══ Records for this task
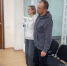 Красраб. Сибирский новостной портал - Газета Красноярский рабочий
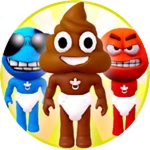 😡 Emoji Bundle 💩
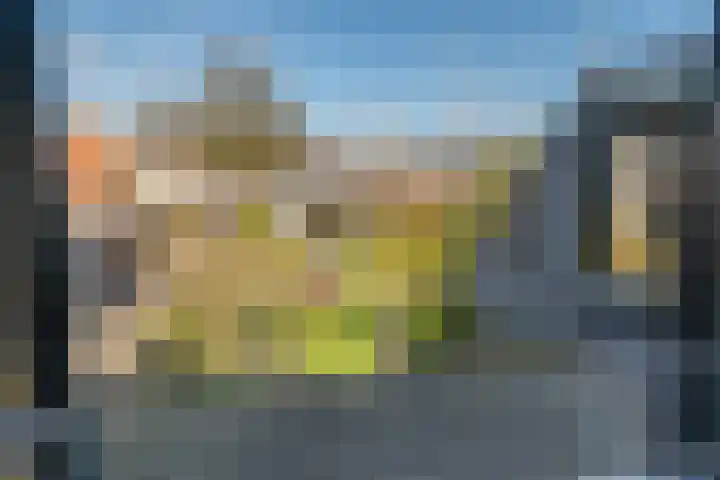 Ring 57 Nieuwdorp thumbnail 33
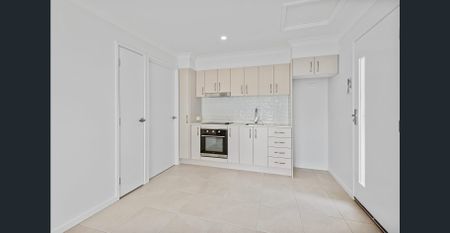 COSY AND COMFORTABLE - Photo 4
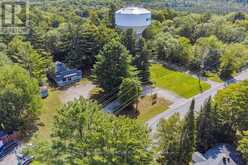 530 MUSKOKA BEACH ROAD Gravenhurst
════
What to work on: Nothing but an exact transcription of the material, without pictures, should be returned.

Answer section:
 Красраб. Сибирский новостной портал - Газета Красноярский рабочий
 😡 Emoji Bundle 💩
 Ring 57 Nieuwdorp thumbnail 33
 COSY AND COMFORTABLE - Photo 4
 530 MUSKOKA BEACH ROAD Gravenhurst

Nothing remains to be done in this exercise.